Chamber Music Northwest features in-person performances at summer festival

Husband and wife team Soovin Kim and Gloria Chien are putting on their first summer festival as artistic directors for Chamber Music Northwest.

Joanna Rae Photogra / courtesy of Chamber Music Northwest

The staff and board at Chamber Music Northwest decided to take a risk back in February when they committed to holding their summer festival concerts in person. That risk paid off as the festival has coincided with Oregon lifting its mask mandate and ending most restrictions put in place because of the COVID-19 pandemic. The concerts from the four-week festival will also be available online for a limited time. We talk with Chamber Music Northwest’s new artistic directors Gloria Chien and Soovin Kim about what it’s been like to welcome audiences back to live performances.

This transcript was created by a computer and edited by a volunteer.

Dave Miller: This is Think Out Loud on OPB. I’m Dave Miller.
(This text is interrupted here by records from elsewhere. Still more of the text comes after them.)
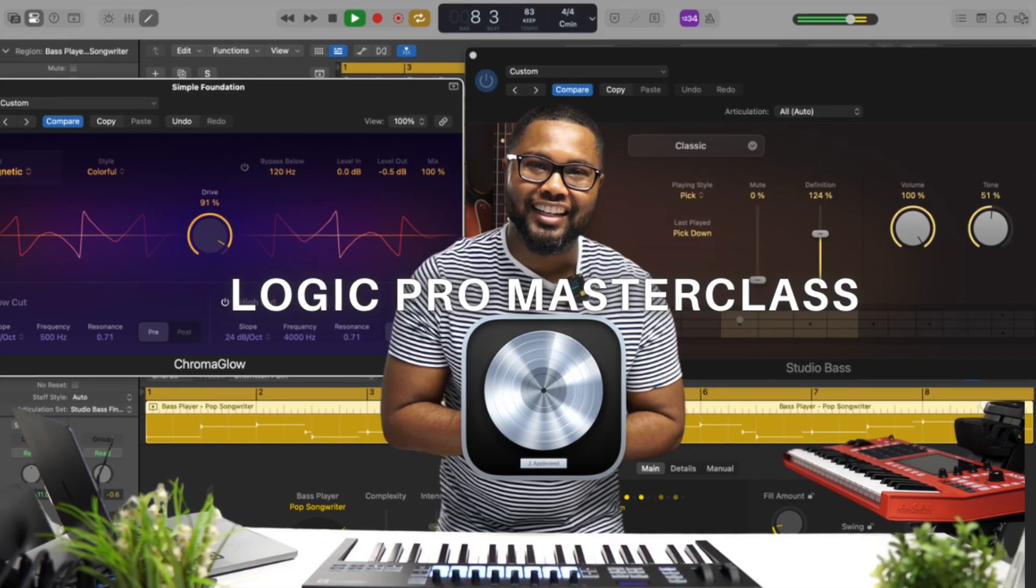If you're serious about taking your Logic Pro experience to the next level, you can enroll in the Logic Pro masterclass at wyharnamusic.com. We'd love to have you and see you over there.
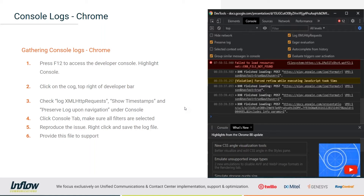Console logs are very important for UI issues but can be important for interaction issues as well. These steps go through what we need to do to get the logs in Chrome. On the right you'll see a screenshot of the developer tools. When you press F12 within Chrome — and this also works within Firefox — this will access the developer console. You may have accidentally hit F12 before and seen this. It's got a few different tabs like Console and Network up above.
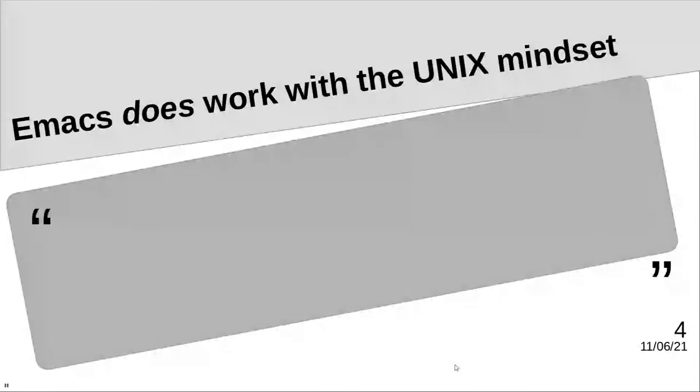Some have proposed that Emacs should be looked at alongside Unix as its own OS. It has windowing capabilities, handles its own formats, and so on, but I disagree with this concept.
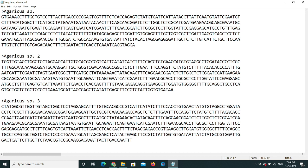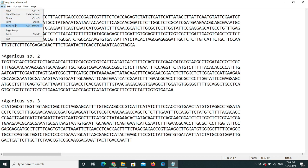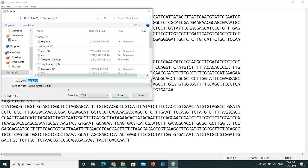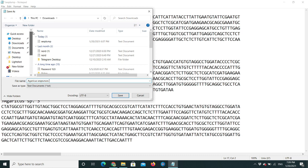Now let's save the file. NCBI recommends you save your sequences in plain text format, so we are going to save this file as a .txt file. Save it as 'Agaricus sequences'.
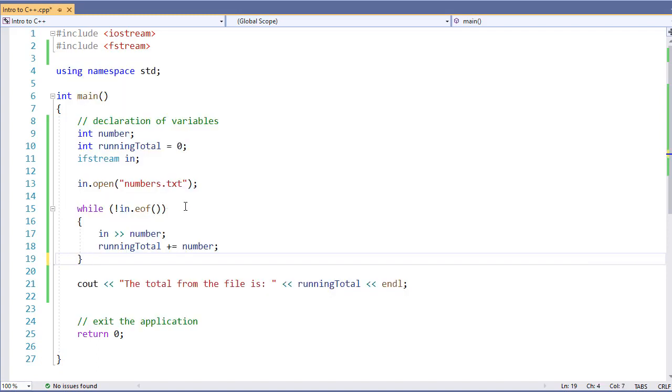You'll notice we're using the while pretest loop. Reason for this is our file could be empty when we first get it. We could possibly even not be able to access the file for some reason. Therefore, we want to make sure we're checking the end of file first before we do any calculations. That way we don't try to read something that isn't there.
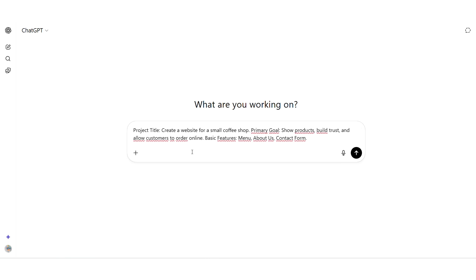In the chat box, I'll type a simple request. Something like, Project title: create a website for a small coffee shop. Primary goal: show products, build trust, and allow customers to order online. Basic features: menu, about us, contact form.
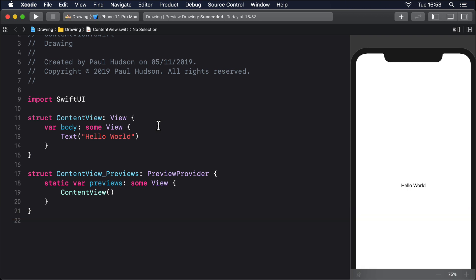Blend modes allow us to control the way one view is rendered on top of another. The default mode is normal which just draws the pixels from the new view onto whatever is behind, but there are lots of options for controlling color and opacity.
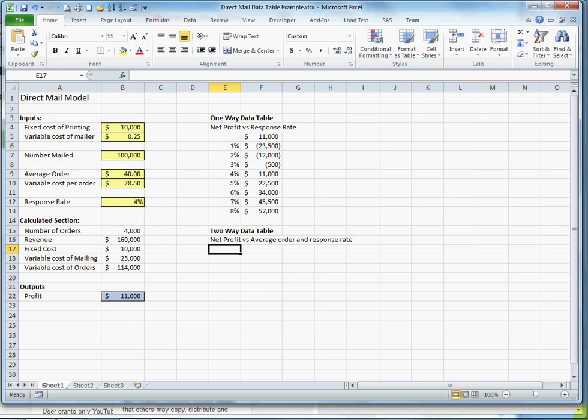I'm going to now demonstrate a two-way data table, and a two-way data table allows you to vary two input variables and see the corresponding impact on an output variable.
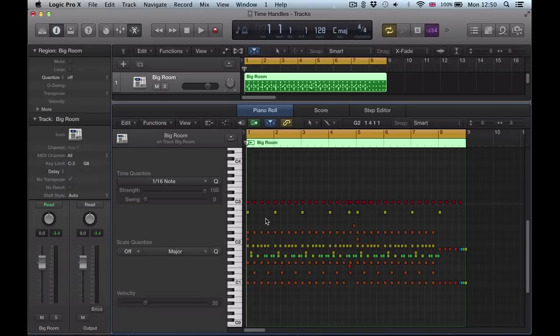Hi there, and in this Logic Pro 10.1 video I'm going to be looking at one of the new features included in the piano roll called time handles. It's a great way of editing MIDI, and in this video I'm going to be looking at how we can quickly use time handles to create half-time or double-time sections in a MIDI program's drum beat.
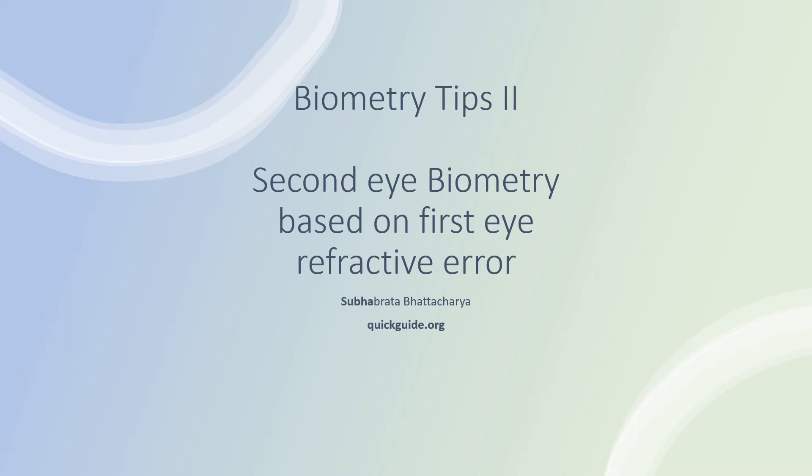Welcome, friends. It's a pleasure to talk to you about another tip on biometry. This time the subject is when the patient had a refractive surprise in the first eye, how would you choose the IOL power for the second eye? Let's see what are some of the recent papers on this.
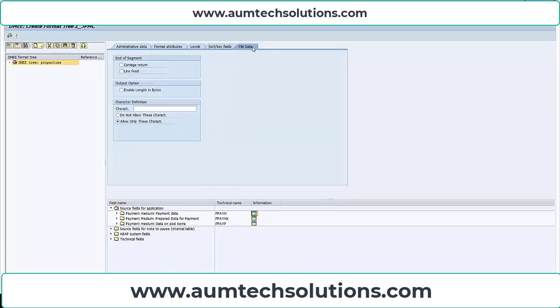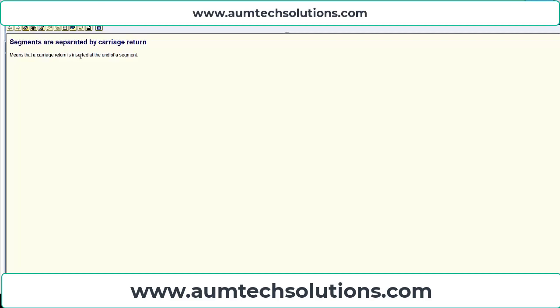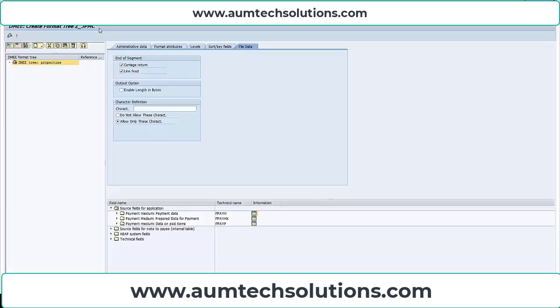Under file data, select carriage return and line feed. Using F1 gives more details: carriage return is inserted at the end of a segment. So if you want a new line at the end of each segment, select carriage return. Then save.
There are two new Artistic Directors of Chamber Music Northwest. The group’s main event is an annual summer festival in Portland. It’s usually a month of concerts at auditoriums at Reed College and Portland State University, along with open rehearsals and other events sprinkled around the city. But of course that wasn’t to be. The pandemic forced the festival to pivot quickly and it was an all online affair in 2020. This year is different. Chamber Music Northwest and its new Directors, the Pianist, Gloria Chien, and the Violinist, Soovin Kim, decided that the 2021 festival would happen in person. It started last week with a theme: Reflect and Rejoice. Gloria Chien and Soovin Kim, welcome to Think Out Loud.

Gloria Chien: Hello! Thank you so much for having us.

Soovin Kim: Hello, Dave.

Miller: Thanks very much for joining us. So last year was your first festival as Artistic Directors, but as I mentioned, it was not normal at all. You ended up creating a virtual festival with performances from previous years and then some new ones that people could watch all online. Gloria first, what were you looking for in putting the virtual festival together?
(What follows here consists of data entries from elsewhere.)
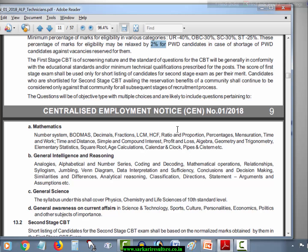In General Intelligence and Reasoning, topics include: Analogies, Alphabetical and Numerical Series, Coding and Decoding, Mathematical Operations, Relationships, Syllogism, Jumbling, Venn Diagram, Data Interpretation and Sufficiency, Conclusions and Decision Making, Similarities and Differences, Analytical Reasoning, Classification, Directions, Statement, Arguments and Assumptions, etc.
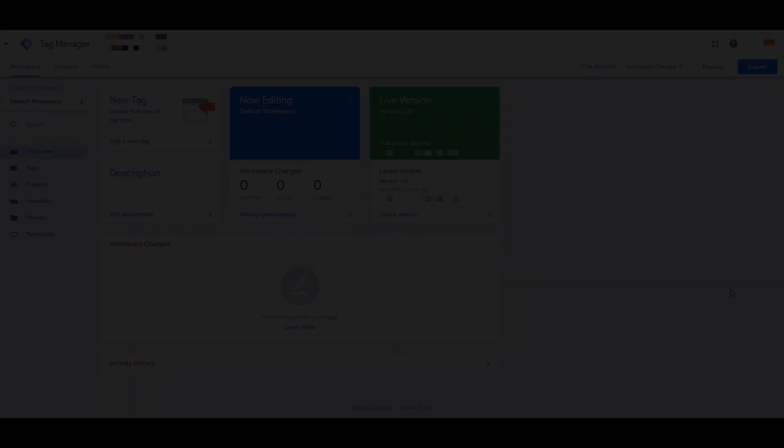In this video, I'm going to walk you through the steps of how you can set up the tag, the trigger, and the custom built-in variables that allow you to capture this information. So let's begin.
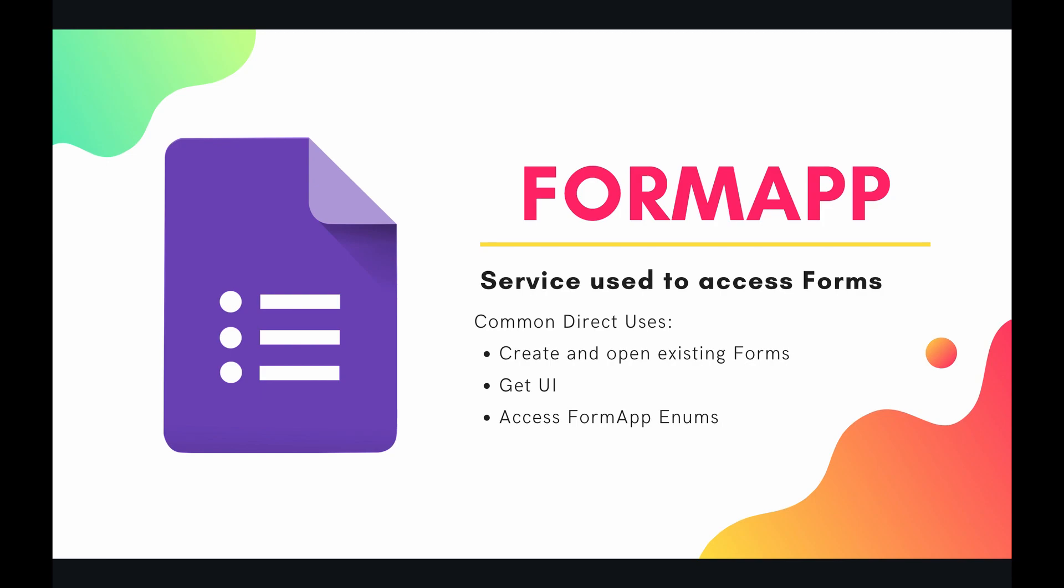Some of the direct use cases of the form app are to create and open existing forms, get the UI, access form app enums, and create validation rules on some of your questions. So what I want to do in this first video is just to set everything up. I want to just authenticate the form app just to make sure it's ready to go before we dive deeper into any of these methods. So let's jump into the code right now and authenticate the form app.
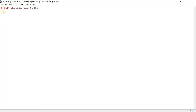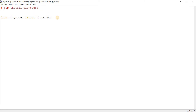So let me make the import. From playsound import playsound. Basically, from the playsound library, import the playsound function. The name of the function and the library are the same. And this is the function that we're going to use — and this is the only function we can use.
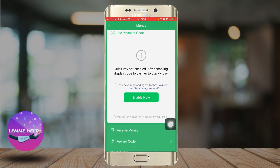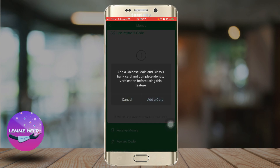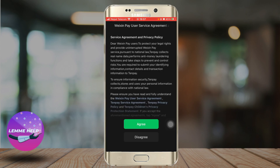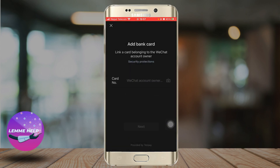The first thing you need to do is select your bank from the list of supported banks and enter your bank account information. Click on Enable Now and click on Add a Card. Click on Agree and enter your bank card number and information about the bank.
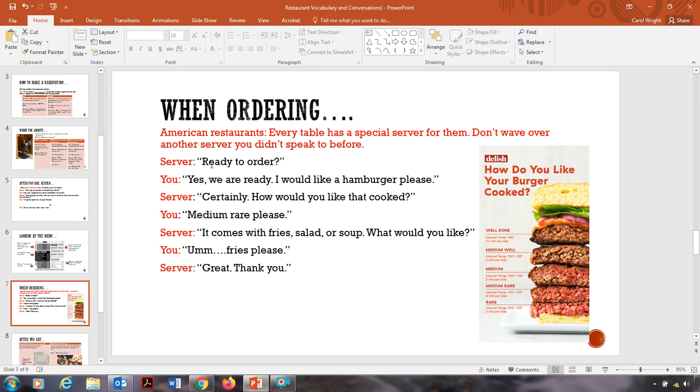All right, so your server comes over and says, ready to order? Yes, we are ready. I would like a hamburger, please. Certainly. How would you like that cooked? Medium rare, please.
Chien: Well, actually we officially started in the fall. Last summer was David Shifrin’s very last summer. We had to pivot online really quickly. But I think we had a beautiful virtual summer festival. When Soovin and I came on board in the fall, we quickly talked to a lot of people that are experts in putting on audio and video and put together really beautiful year-round concert series that actually were recorded from all around the world, which turned out to be a really beautiful season for us. We have videos from England, from Germany, from all over the country. All kinds of different musicians that are just so eager to play. But we cannot be more thrilled to be live this summer. The first week has just been, I think, overwhelmed with joy from everyone.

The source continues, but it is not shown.